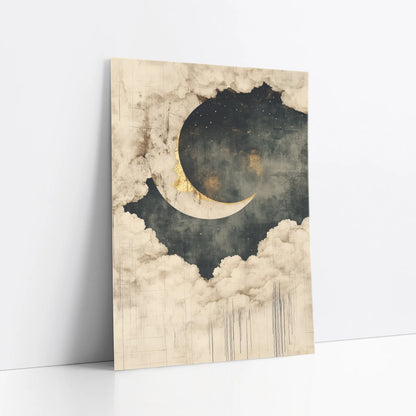 Celestial Moon Clouds Japandi Golden Rim art print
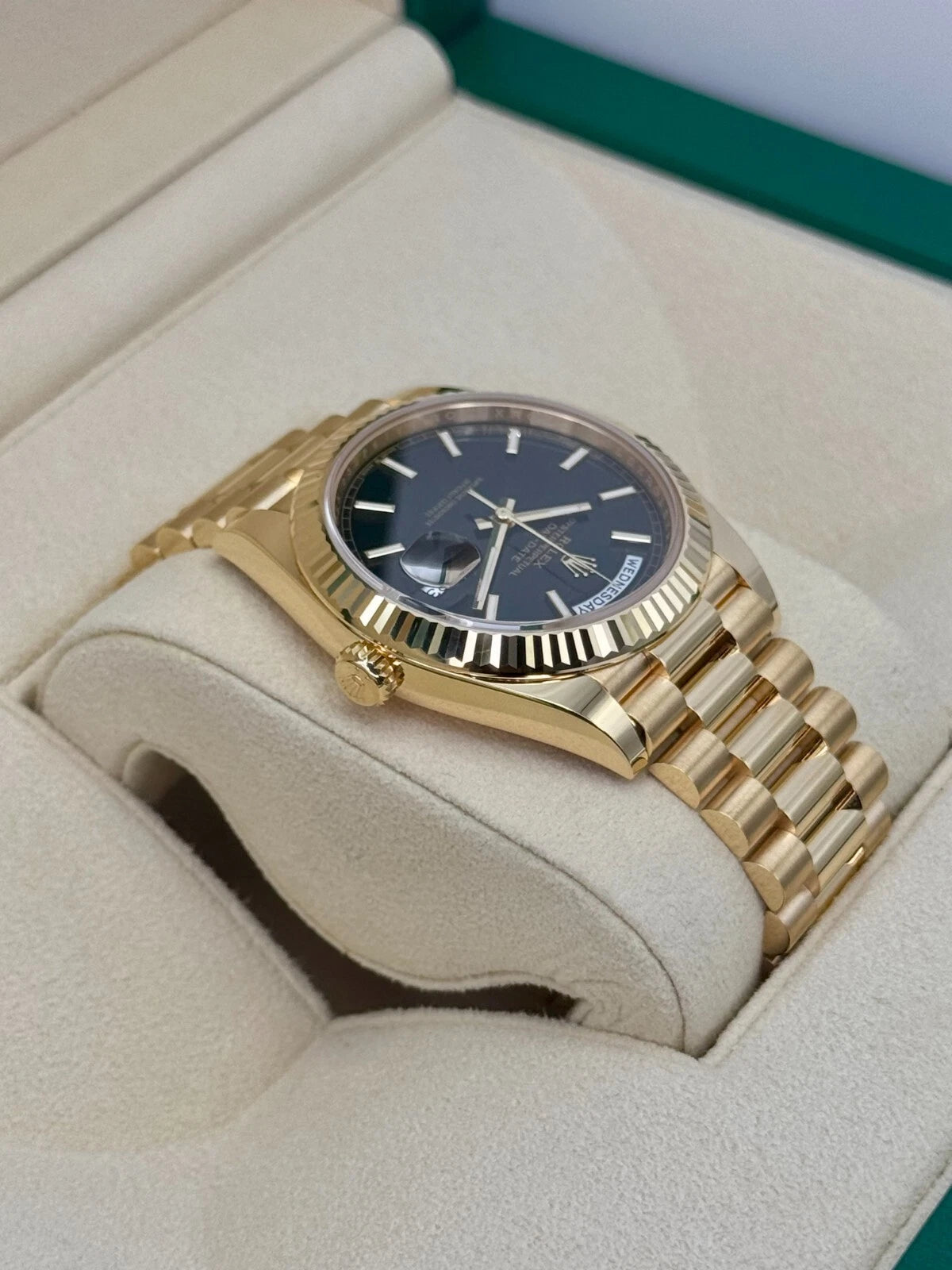 NEW 2025 Rolex Day-Date 40mm 228238 Yellow Gold Black Dial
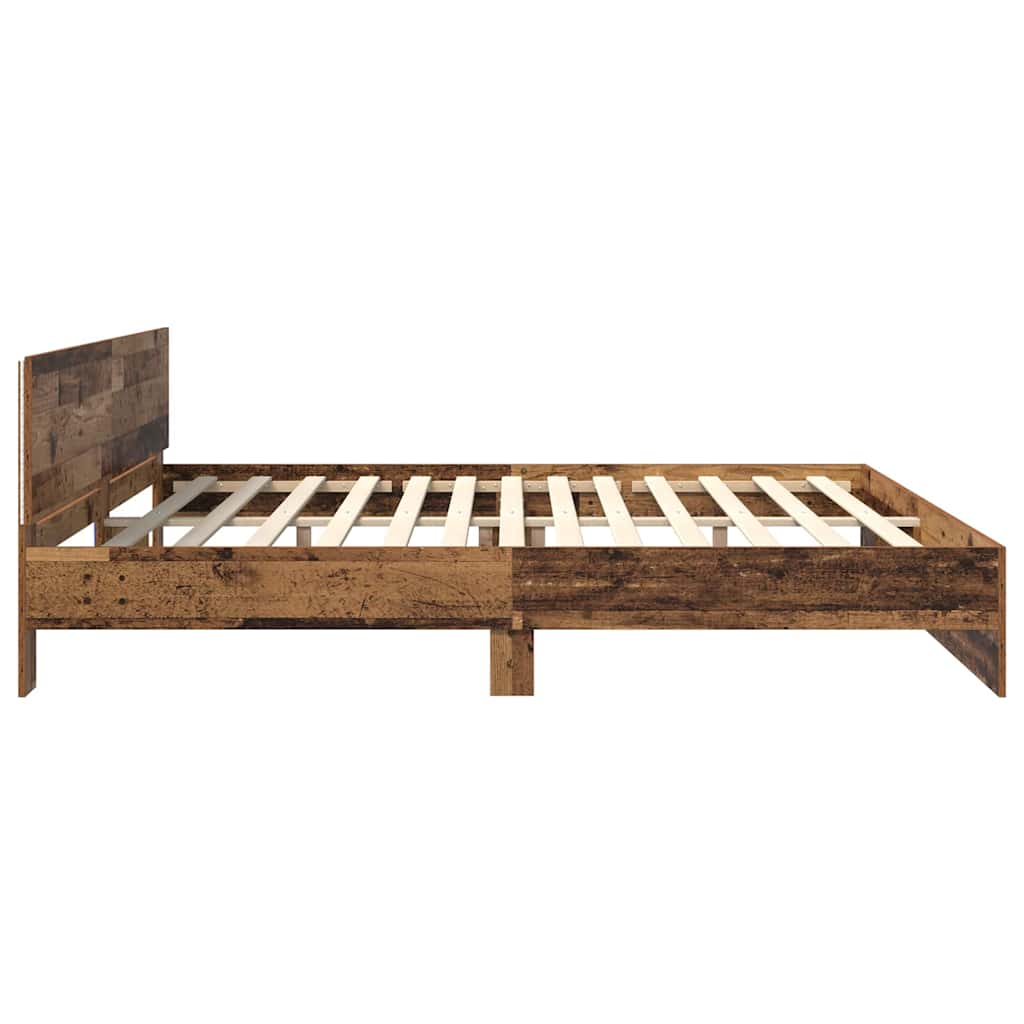 Bedframe met hoofdeinde Oud Hout 180 x 200 cm Bewerkt hout is nu te koop bij PeponiXL, paradijselijk wonen!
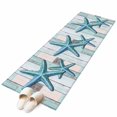 thumbnail image 2 of 2'x6' Rug Runners for Hallways Kitchen, Teal Blue Starfish Non Slip Entryway Beside Floor Carpet Runner, Summer Beach Coastal Retro Wooden Washable Laundry Room Bedroom Throw Rugs Mat for Family Pet, 2 of 8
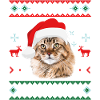 Meowy Natale Gatto Maine Coon Merry Xmas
● ● ● ● ●
With the pictures left out, write out all of the data exactly.

### Reply to the task
 Celestial Moon Clouds Japandi Golden Rim art print
 NEW 2025 Rolex Day-Date 40mm 228238 Yellow Gold Black Dial
 Bedframe met hoofdeinde Oud Hout 180 x 200 cm Bewerkt hout is nu te koop bij PeponiXL, paradijselijk wonen!
 thumbnail image 2 of 2'x6' Rug Runners for Hallways Kitchen, Teal Blue Starfish Non Slip Entryway Beside Floor Carpet Runner, Summer Beach Coastal Retro Wooden Washable Laundry Room Bedroom Throw Rugs Mat for Family Pet, 2 of 8
 Meowy Natale Gatto Maine Coon Merry Xmas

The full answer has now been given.